Your goal: What you need to produce from the material below is an exact transcription of the lines from the one with "two vases sitting" through the one with "A case containing", both included, and no other line.

Raw data:
################

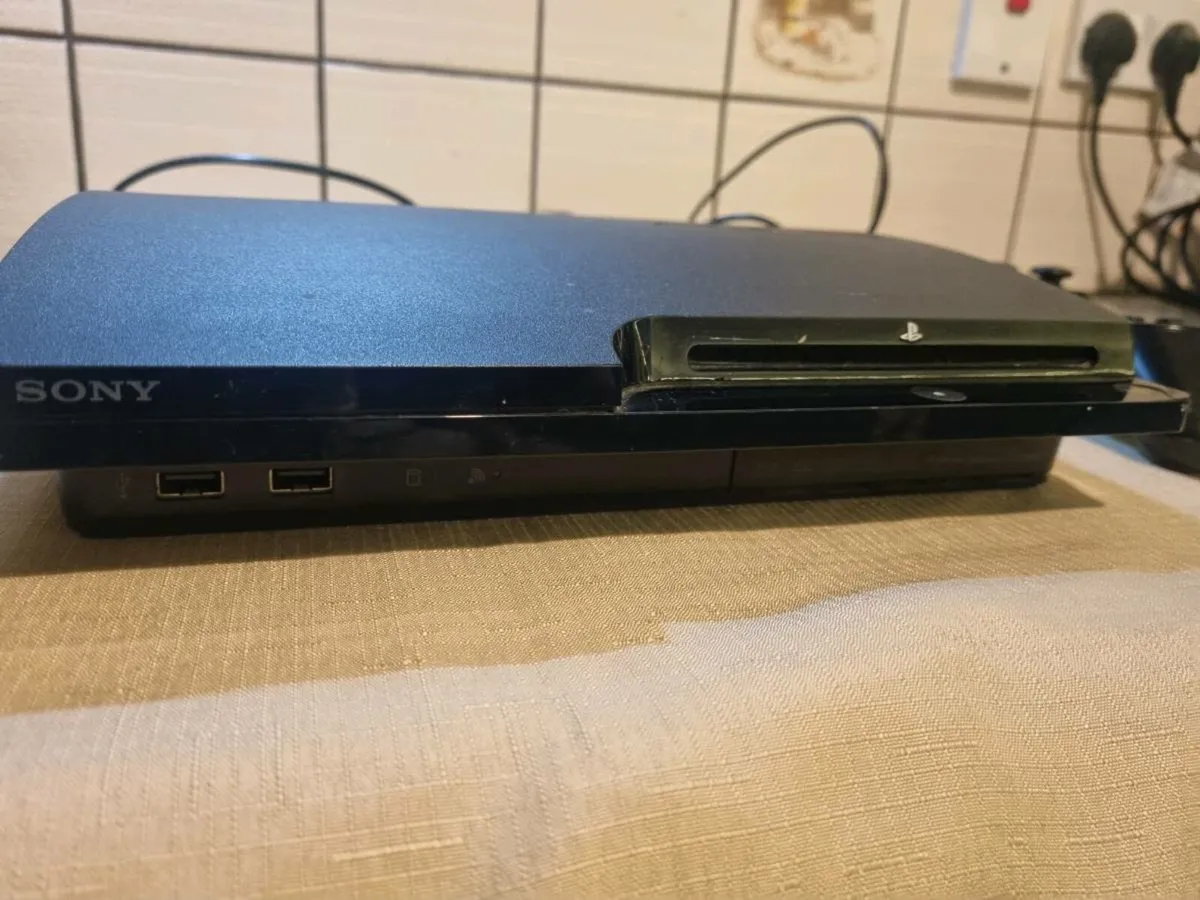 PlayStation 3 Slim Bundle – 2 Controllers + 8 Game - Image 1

################

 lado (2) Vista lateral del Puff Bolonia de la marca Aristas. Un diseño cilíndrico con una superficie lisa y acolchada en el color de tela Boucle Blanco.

################

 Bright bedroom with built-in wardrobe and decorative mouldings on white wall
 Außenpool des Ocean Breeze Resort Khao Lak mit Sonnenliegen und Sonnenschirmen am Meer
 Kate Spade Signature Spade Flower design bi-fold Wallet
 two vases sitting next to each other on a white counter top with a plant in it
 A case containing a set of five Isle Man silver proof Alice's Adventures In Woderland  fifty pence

################

Exercise output:
 two vases sitting next to each other on a white counter top with a plant in it
 A case containing a set of five Isle Man silver proof Alice's Adventures In Woderland  fifty pence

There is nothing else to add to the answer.